Saved entries:
━━━━━━

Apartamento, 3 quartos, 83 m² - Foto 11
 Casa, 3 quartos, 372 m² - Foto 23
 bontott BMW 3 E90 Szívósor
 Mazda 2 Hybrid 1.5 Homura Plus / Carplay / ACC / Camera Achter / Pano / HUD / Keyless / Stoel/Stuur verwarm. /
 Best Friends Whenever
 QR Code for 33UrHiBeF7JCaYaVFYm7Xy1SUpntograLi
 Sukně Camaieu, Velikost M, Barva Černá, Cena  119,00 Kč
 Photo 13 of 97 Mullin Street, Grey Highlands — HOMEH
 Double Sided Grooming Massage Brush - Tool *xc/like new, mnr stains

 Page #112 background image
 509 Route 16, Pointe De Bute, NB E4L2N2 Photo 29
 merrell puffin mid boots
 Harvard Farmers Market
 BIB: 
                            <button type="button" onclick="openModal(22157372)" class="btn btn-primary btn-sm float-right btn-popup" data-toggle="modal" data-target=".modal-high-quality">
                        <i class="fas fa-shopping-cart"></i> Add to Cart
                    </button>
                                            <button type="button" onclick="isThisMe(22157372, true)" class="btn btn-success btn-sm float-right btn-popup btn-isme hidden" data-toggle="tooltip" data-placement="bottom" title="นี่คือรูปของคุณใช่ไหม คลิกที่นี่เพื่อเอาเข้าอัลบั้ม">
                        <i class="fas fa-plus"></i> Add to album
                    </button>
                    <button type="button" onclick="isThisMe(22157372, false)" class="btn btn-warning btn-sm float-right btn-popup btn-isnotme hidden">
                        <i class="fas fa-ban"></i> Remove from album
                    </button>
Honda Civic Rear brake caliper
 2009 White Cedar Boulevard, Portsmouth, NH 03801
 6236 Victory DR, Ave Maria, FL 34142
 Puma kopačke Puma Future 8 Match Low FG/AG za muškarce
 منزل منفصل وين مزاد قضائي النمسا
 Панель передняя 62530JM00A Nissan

━━━━━━

# [What you need to do]
The required output is the line holding "Add to Cart" plus every line after it in the data, reproduced exactly.

# [Problem solution]
                        <i class="fas fa-shopping-cart"></i> Add to Cart
                    </button>
                                            <button type="button" onclick="isThisMe(22157372, true)" class="btn btn-success btn-sm float-right btn-popup btn-isme hidden" data-toggle="tooltip" data-placement="bottom" title="นี่คือรูปของคุณใช่ไหม คลิกที่นี่เพื่อเอาเข้าอัลบั้ม">
                        <i class="fas fa-plus"></i> Add to album
                    </button>
                    <button type="button" onclick="isThisMe(22157372, false)" class="btn btn-warning btn-sm float-right btn-popup btn-isnotme hidden">
                        <i class="fas fa-ban"></i> Remove from album
                    </button>
Honda Civic Rear brake caliper
 2009 White Cedar Boulevard, Portsmouth, NH 03801
 6236 Victory DR, Ave Maria, FL 34142
 Puma kopačke Puma Future 8 Match Low FG/AG za muškarce
 منزل منفصل وين مزاد قضائي النمسا
 Панель передняя 62530JM00A Nissan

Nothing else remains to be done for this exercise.